What is being asked: With the pictures omitted, repeat exactly the lines below starting with the line that has "copy of articles" and going on through the line that has "Guests dining on".

Given data:
**********

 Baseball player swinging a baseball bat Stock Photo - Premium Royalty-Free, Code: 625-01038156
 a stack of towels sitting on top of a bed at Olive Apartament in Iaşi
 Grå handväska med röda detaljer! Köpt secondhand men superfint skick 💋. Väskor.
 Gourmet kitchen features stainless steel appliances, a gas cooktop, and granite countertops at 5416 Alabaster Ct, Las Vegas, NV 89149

**********

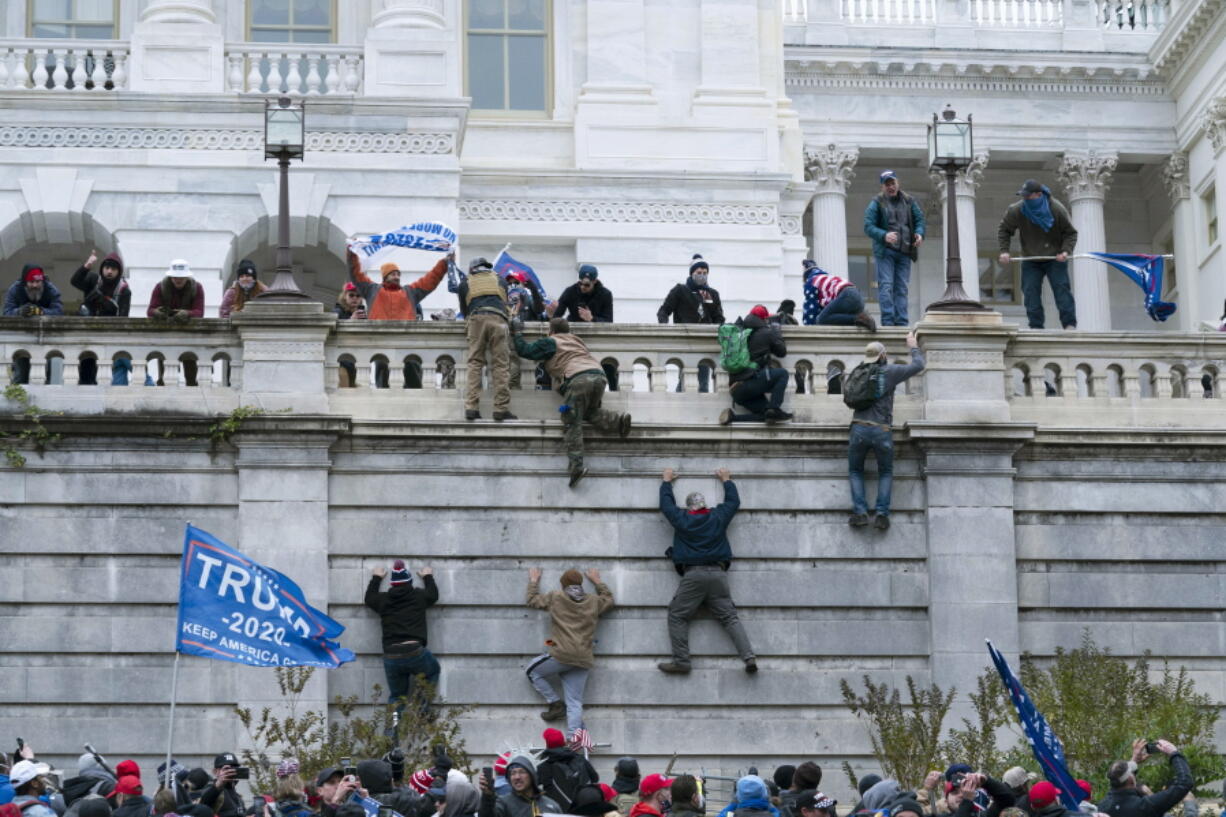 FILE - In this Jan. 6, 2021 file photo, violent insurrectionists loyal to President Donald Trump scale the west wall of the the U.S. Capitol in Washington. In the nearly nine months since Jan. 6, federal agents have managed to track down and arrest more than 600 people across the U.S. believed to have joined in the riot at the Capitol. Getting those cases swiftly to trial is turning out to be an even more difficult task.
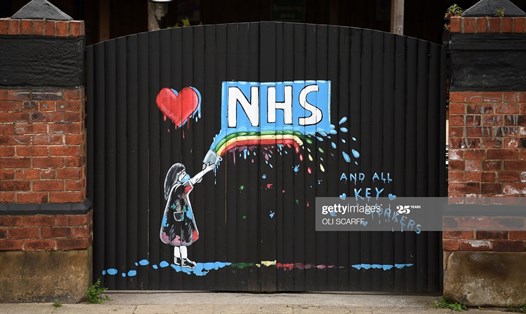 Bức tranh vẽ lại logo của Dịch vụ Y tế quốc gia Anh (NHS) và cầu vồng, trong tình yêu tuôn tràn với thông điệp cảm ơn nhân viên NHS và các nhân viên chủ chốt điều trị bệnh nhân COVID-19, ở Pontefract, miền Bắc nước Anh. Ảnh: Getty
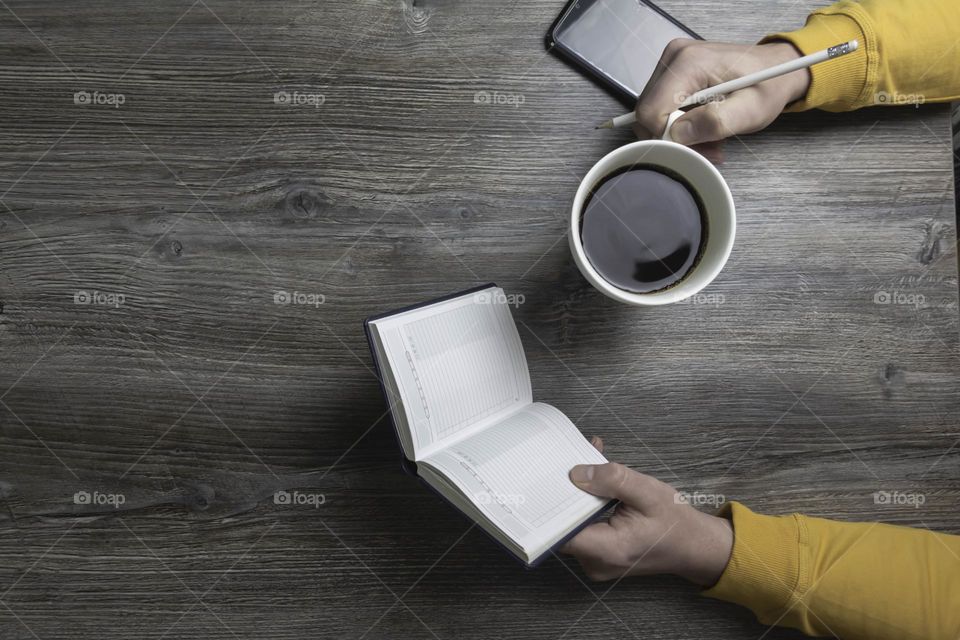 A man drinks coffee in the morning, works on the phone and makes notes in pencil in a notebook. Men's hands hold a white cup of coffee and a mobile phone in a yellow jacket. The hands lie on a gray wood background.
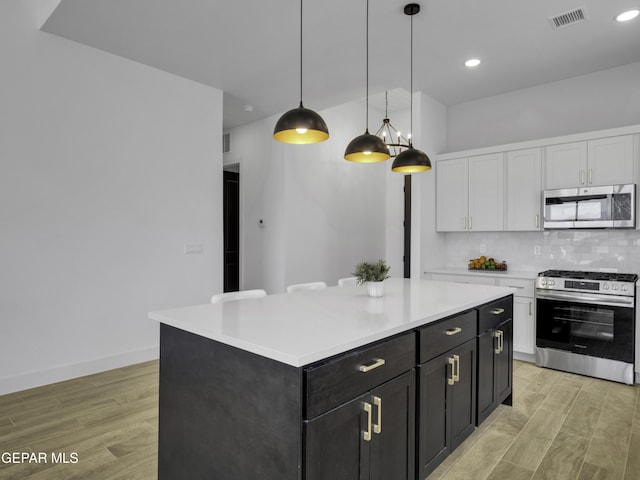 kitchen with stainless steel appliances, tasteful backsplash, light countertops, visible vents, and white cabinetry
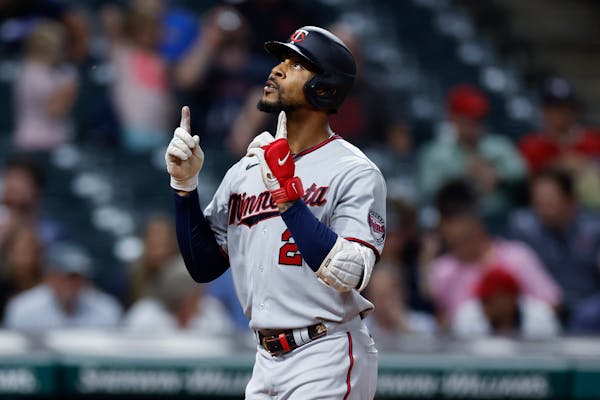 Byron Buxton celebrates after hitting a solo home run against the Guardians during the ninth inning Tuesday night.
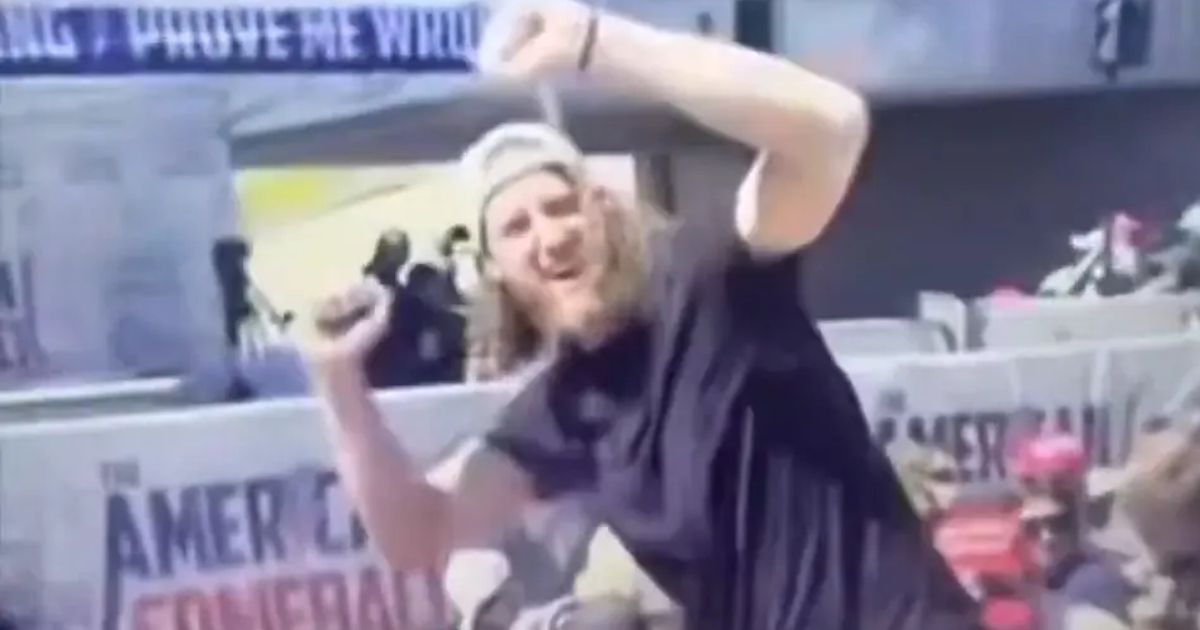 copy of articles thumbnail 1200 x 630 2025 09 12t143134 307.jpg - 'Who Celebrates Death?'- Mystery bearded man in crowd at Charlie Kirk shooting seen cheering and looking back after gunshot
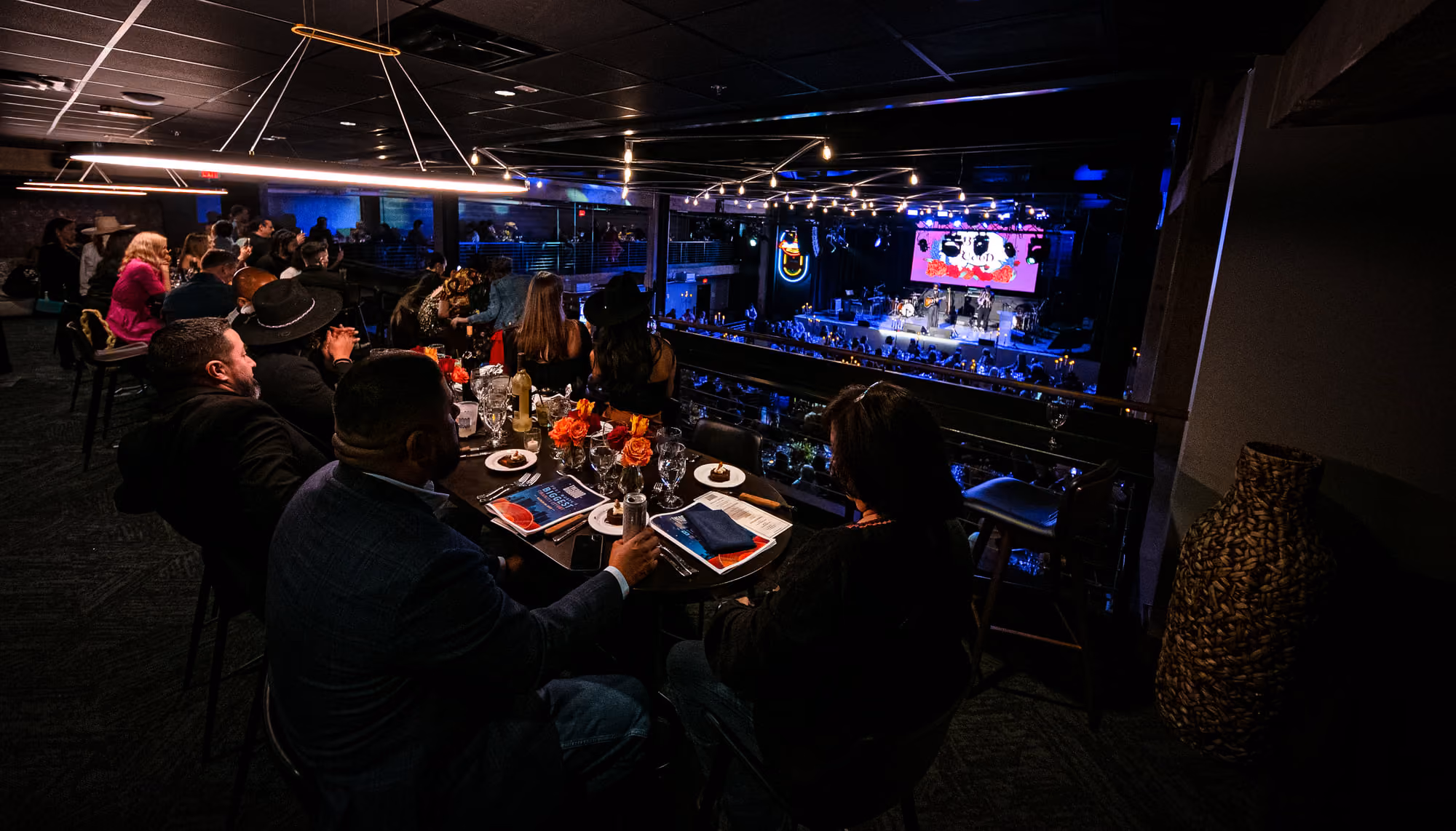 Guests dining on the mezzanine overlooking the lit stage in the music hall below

**********

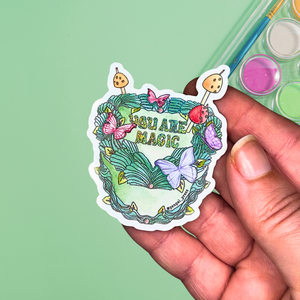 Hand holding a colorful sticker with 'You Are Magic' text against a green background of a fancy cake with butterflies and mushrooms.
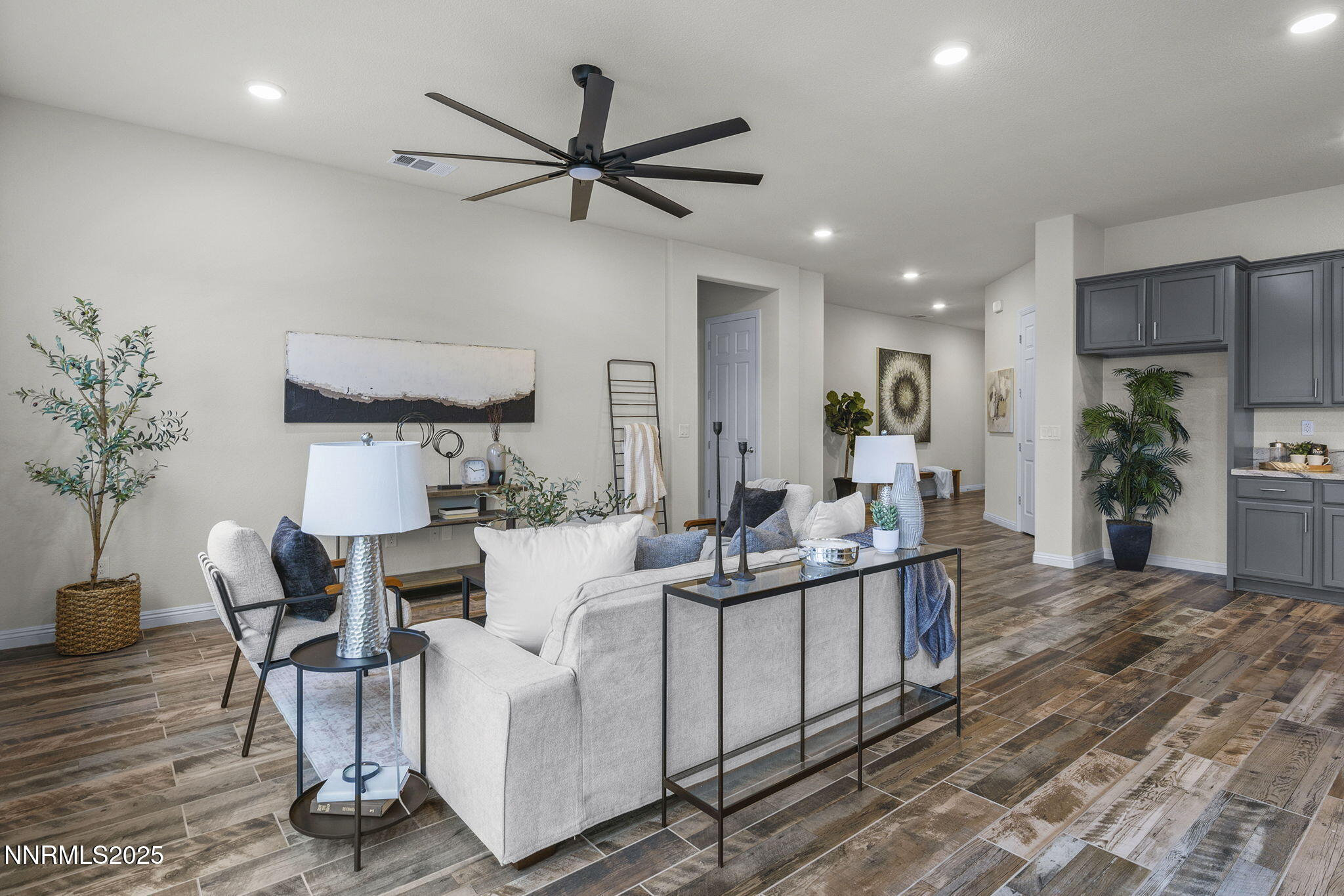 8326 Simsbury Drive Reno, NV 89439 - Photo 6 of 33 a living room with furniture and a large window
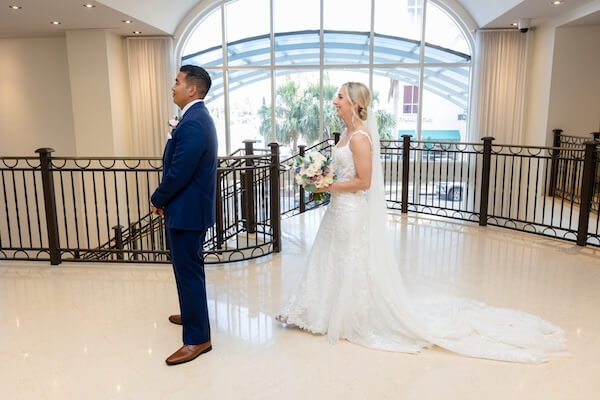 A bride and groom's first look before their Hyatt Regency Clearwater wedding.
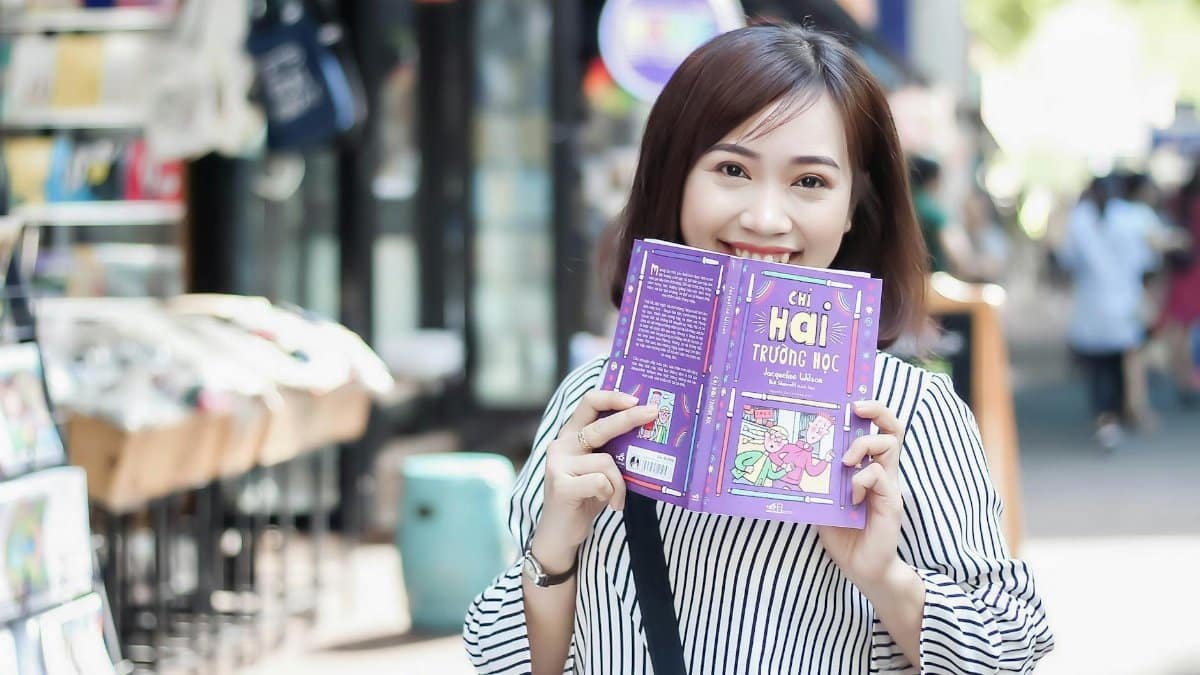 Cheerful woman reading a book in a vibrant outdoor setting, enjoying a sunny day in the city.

**********

Finished exercise:
 copy of articles thumbnail 1200 x 630 2025 09 12t143134 307.jpg - 'Who Celebrates Death?'- Mystery bearded man in crowd at Charlie Kirk shooting seen cheering and looking back after gunshot
 Guests dining on the mezzanine overlooking the lit stage in the music hall below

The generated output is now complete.